If you were given $100 and could only spend it on baseball rookie cards, which ones would have the best chance of earning a return on your investment? Gone are the days when baseball cards outperformed the stock market from a percentage standpoint. However, there are still plenty of opportunities to make a few bucks flipping cards. Not flipping cards against a wall like your dad or grandpa did when they were kids, but flipping baseball cards for profit.
The licensing arm of the league, Major League Baseball Properties, and the player's association, MLBPA, have tried to simplify the rules of what defines a rookie card. Unfortunately for fans and collectors, it has become even more convoluted. The Topps Company currently produces cards of minor league prospects, often in their MLB uniforms. The problem is that, often times, these prospect cards end up being worth more money than a player's legitimate rookie card. To get an "official" rookie card designation, a player has to first serve a day on an MLB roster. After a player has done this, their cards can have the official "RC" logo printed on their card and be designated as such.

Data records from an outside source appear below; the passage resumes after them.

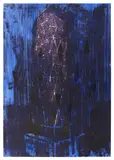 Enoc Perez, Hearst Tower, 2012, Lithograph with hand-coloring, on wove paper, the full sheet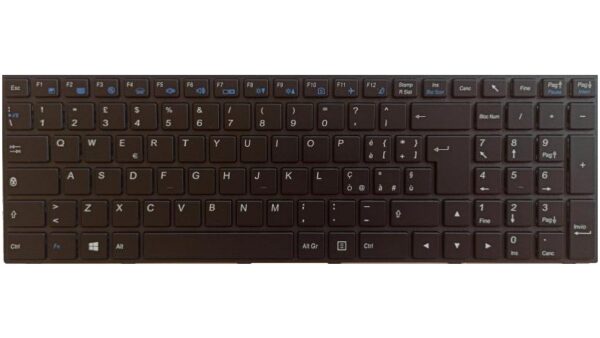 Clavier QWERTY ALLemand pour clevo N750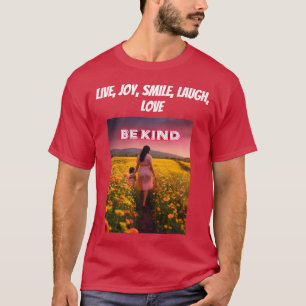 Camiseta Acredite, Alcance, Viva a vida com alegria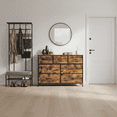 thumbnail image 3 of LEDREM 7 Drawer Dresser, Steel Frame Storage Cabinet, Anti-Slip Adjustable Feet Tower Storage Fabric Dresser, Nightstand for Hallway, Closet, Bedroom and Living Room, Rustic Brown, 3 of 7
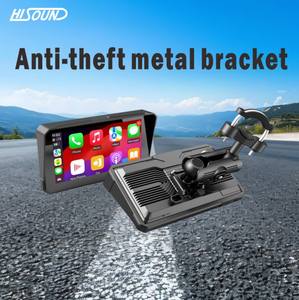 Carplay <span class=keywords><strong>Moto</strong></span> 6 pouces IPX8 Étanche Sans Fil Carplay Android Auto DVR TPMS <span class=keywords><strong>GPS</strong></span> pour <span class=keywords><strong>Moto</strong></span> - Product Image 6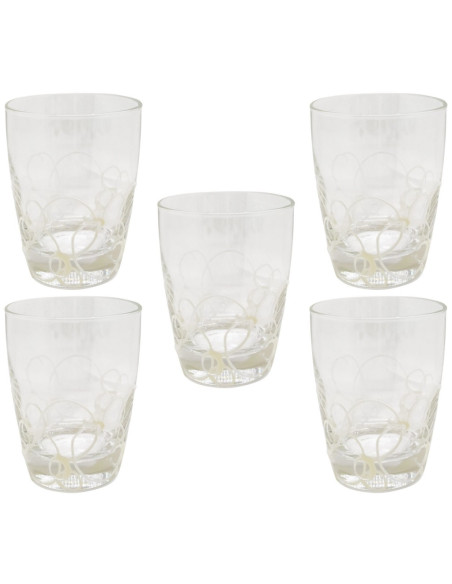 DIESSETTI SET 5 BICCHIERI ACQUA 30 CL - BUBBLE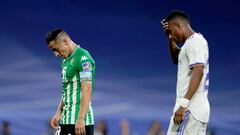 Guardado fue titular con el Real Betis, Lainez no jugó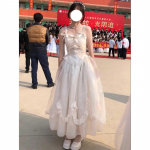 Gėlių vestuvinė Lolita Sijonas Lolita Princess Didelis sijonas JSK Vestuvinė suknelė su pakabukais One Size
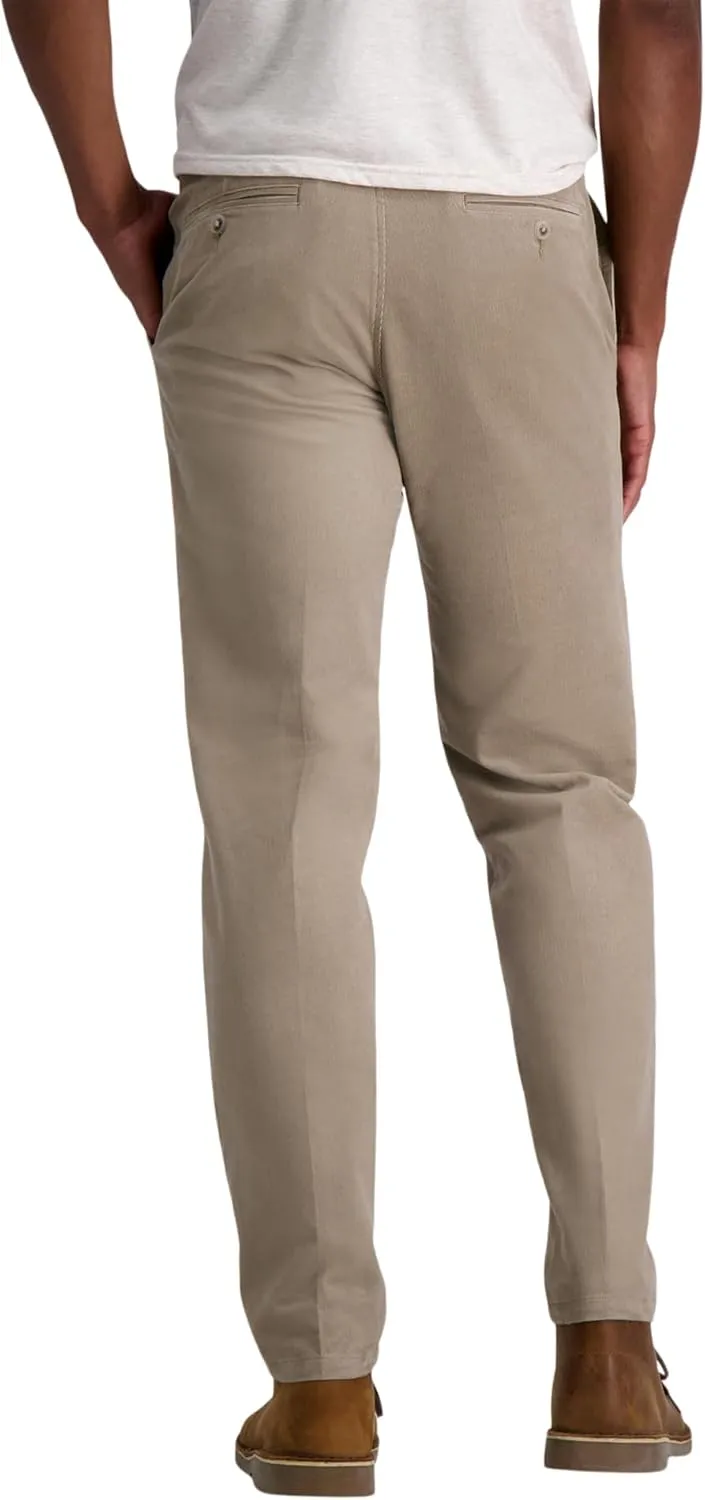 Haggar Mens Straight Fit Stretch Corduroy Pant
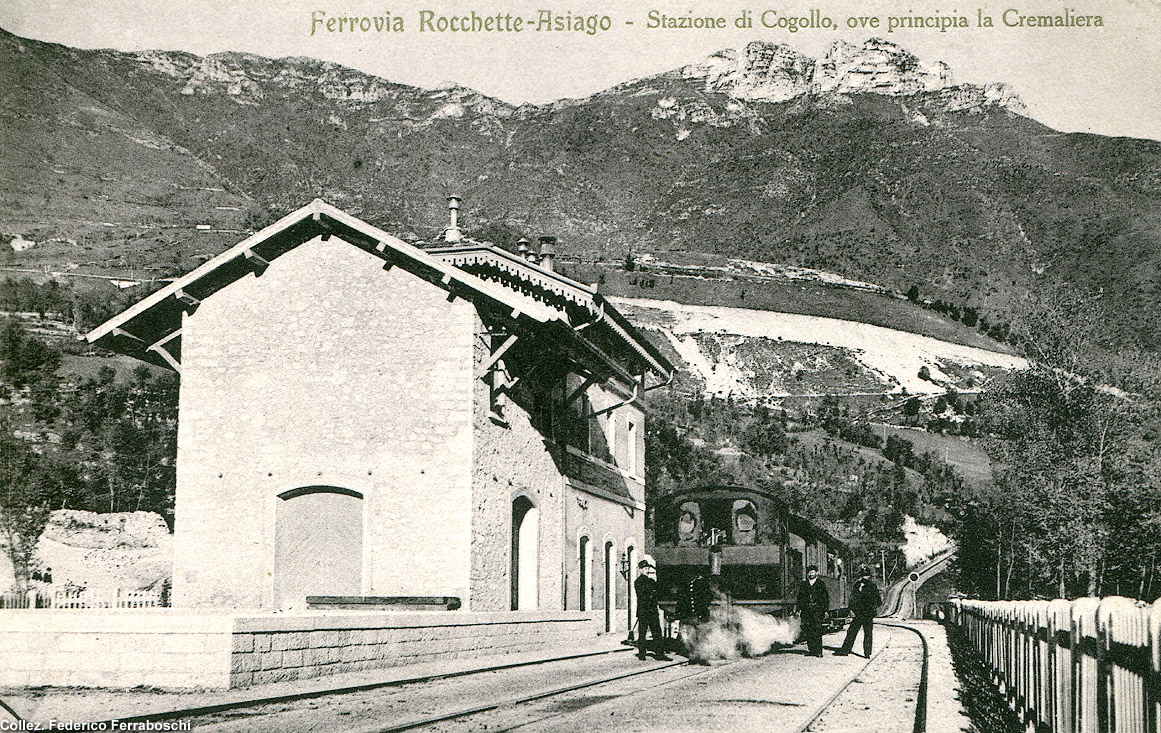 La ferrovia Rocchette-Asiago - Cogollo.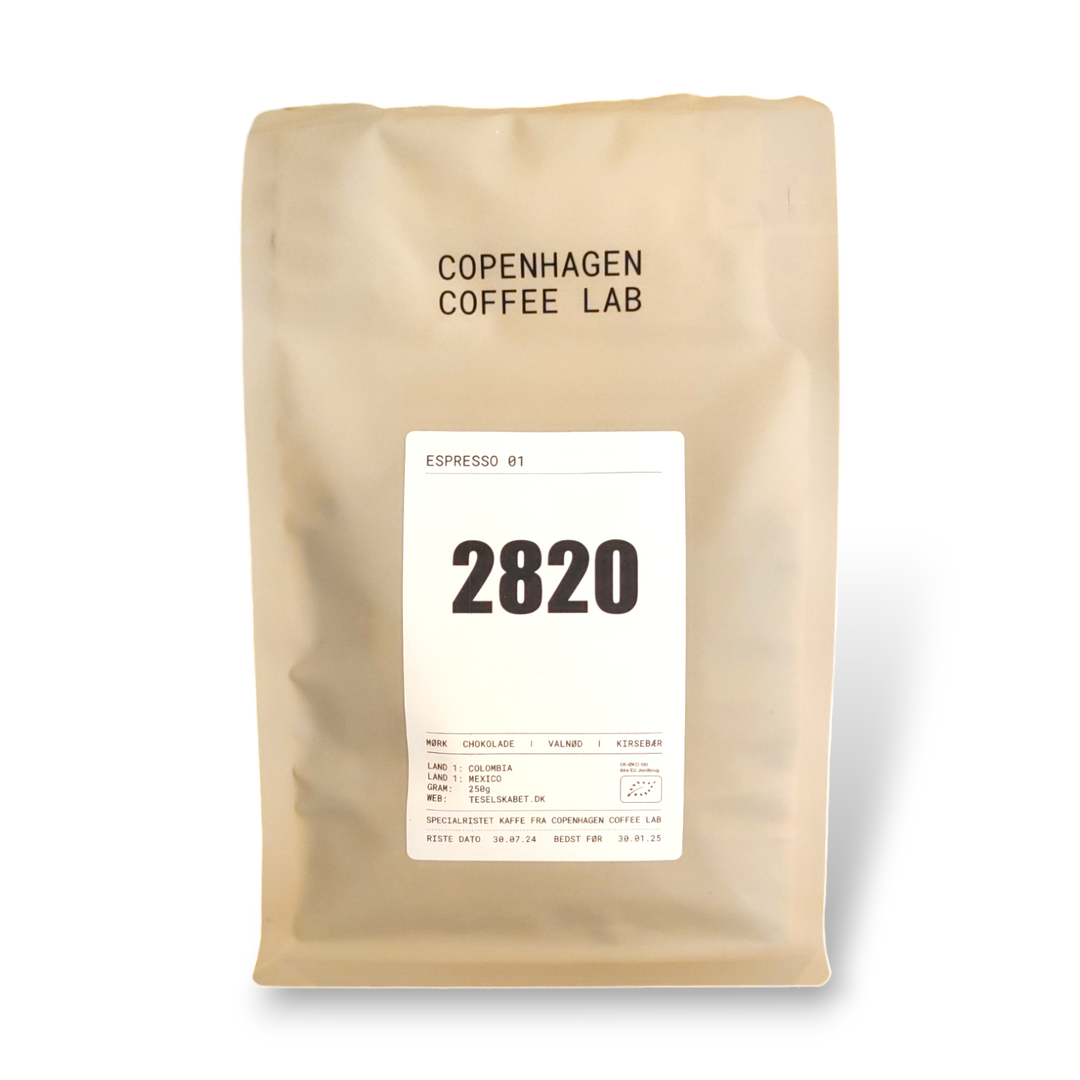 2820 Espresso 1 ØKO -  - Kaffe - TeSelskabet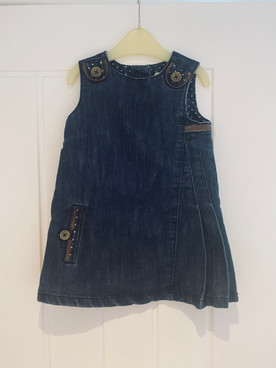 Next denim dress 12-18 months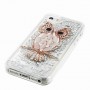 iPhone 5/5S/SE läpinäkyvä pöllö suojakuori.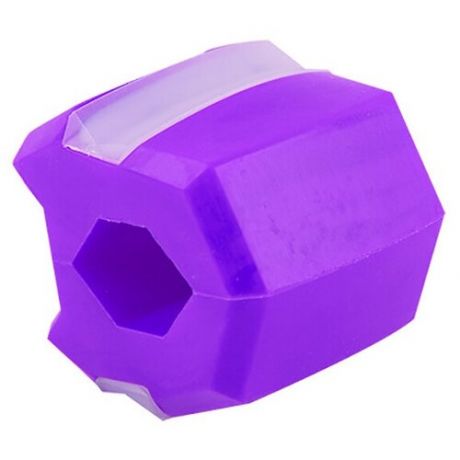 Тренажер эспандер для мышц скул, подбородка, щек и овала лица губ круглый Jawline NAC-03 фиолетовый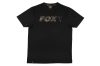 FOX Black/Camo Print T-Shirt Póló S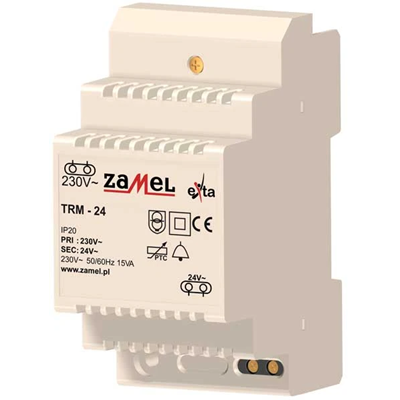 Transformador 230/24V AC 15VA TIPO: TRM-24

So to answer the question regarding the rookie card challenge, we must first define a few rules. What cards are eligible? For this challenge, only players making their cardboard debut after 2005 have an officially designated rookie card bearing the "RC" logo.
With these guidelines, we are looking for cards that reflect the penny stock market and are going to earn a large percentage return. The reason being, as stated earlier, often times, a player's most valuable card isn't his rookie card but his first officially licensed prospect card from sets like Bowman. It's confusing at first, I know.
Typically, power hitters and strikeout pitchers are the players most likely to see a return on investment. No two players better define that than Stephen Strasburg and Bryce Harper, future teammates for the Washington Nationals. The hype surrounding these two has been so astronomical that it has captured the attention of the mainstream media. The Nationals play in a tough division. But with a core group of young talent, they are being groomed to win in the long-term. Consequently, cards from those young players are the ones to watch. Stephen Strasburg's rookie cards can be found in 2010 products. Because Bryce Harper still hasn't made the Nationals' roster, he doesn't have an official rookie card yet.
So if you had $100 to spend on newer baseball rookie cards, which ones would you buy? Would you go with lots from one player or diversify and invest in several players?